**TASK BRIEF**
An exact repetition of the listing is required.

··· SUPPLIED MATERIAL

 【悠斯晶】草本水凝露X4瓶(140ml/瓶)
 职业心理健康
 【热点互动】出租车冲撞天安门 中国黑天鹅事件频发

······

**YOUR RESPONSE**
 【悠斯晶】草本水凝露X4瓶(140ml/瓶)
 职业心理健康
 【热点互动】出租车冲撞天安门 中国黑天鹅事件频发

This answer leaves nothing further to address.